OMG :shock: I really deserved that didnt I - she didnt ask you if you liked the names she asked you which you prefered they are obviously 2 names she loves and I dont think it was nice how you answered "YAK!"


----------



## sullysmum (Mar 6, 2004)

Well Claire you are getting onto me for nothing, i told you when i read this i thought it was a wind up! Previously when people been asked about names they liked or not everyone has said what they thought, i was being honest and dont know why on earth you are making such a big deal, i just said yuk for goodness sake, my opinion, what about when you say about what people are thinking of calling their dogs some name and you cant imagine calling them that youve told them so.Whats the difference?


----------



## OzzyAndLilysMom (Mar 9, 2004)

the difference is Ive used tcact and smilies etc and have never just said one word YAK


and also the only names Ive ever commented on was earlier when chi lady was thinking of the name choo choo and I just said I couldnt imagine shouting them to come in with that name - that is not offensive and is my opinion if you had just said oooh im not sure I dont really like either name , it would of been better than saying YUK, please dont bother replying if you have anything else to say to me or the way I handle things I suggest you PM rather than slating me on the boards, I originally just said to try and be nice I was not offensive to you just doing my job as a moderator.


----------



## sullysmum (Mar 6, 2004)

Subject closed!


----------



## OzzyAndLilysMom (Mar 9, 2004)

Thankyou!!!!!!! I am sorry this all happened over your names soon2bechiowner


----------



## KB (Apr 13, 2004)

oh my!!!!!!!! :shock: :shock: 

Yuk was too tactless I think also. I simple :"I dont like that" would have sufficed! :? 

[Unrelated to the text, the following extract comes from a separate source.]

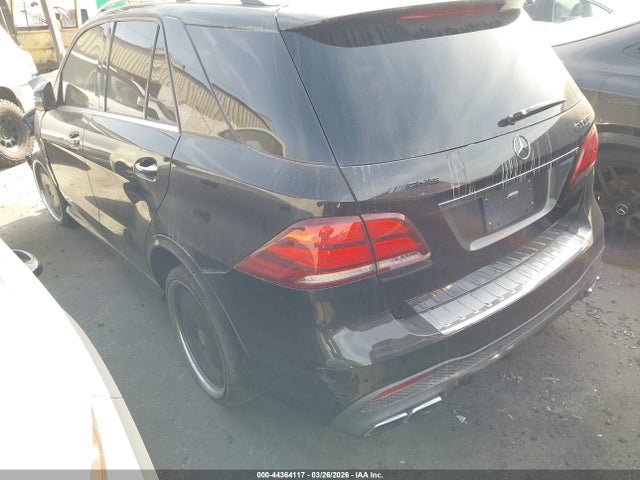 Aukcja sprzedaży 2017 Mercedes-benz Amg Gle 63 4matic, vin: 4JGDA7EB7HA866720, numer aukcji: 44364117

I do think we can express ourselves with simple diplomacy


----------



## blossom (Mar 8, 2005)

I apologize if my response sounded mean... I certainly didn't intend to sound mean...


----------



## Lady&trampsmom (Oct 8, 2004)

wowwww chill people 8)


----------



## OzzyAndLilysMom (Mar 9, 2004)

thankyou Victoria that was what I was trying to get across - obviously not clear enough for some members though :wave:


----------



## sullysmum (Mar 6, 2004)

You going again claire?


----------



## OzzyAndLilysMom (Mar 9, 2004)

Blossom no your response was totally above board and tactful.

I have no need to chill I am not worked up just offended on behalf of the member and doing my job as a mod :wave: thanks for the advice though mr snuggles mom


----------



## blossom (Mar 8, 2005)

Thank for the reassurance Clare...you're a good mod.


----------



## P-Nut (Dec 1, 2004)

ozzysmom said:


> Hey guys I dont think your been very nice, each to their own people, not everyone is gonna like the names we all pick but its not our decision but personally I prefer Boris its cute


Yeah... But I think the negative responses were taken out of context... we are all not going to think everyone's lil ones have the cutest name. To each is their own... I do not think anyone was mean about it. Just simply stated their own opinion. If people did not want anyone's opinion they should not ask for it.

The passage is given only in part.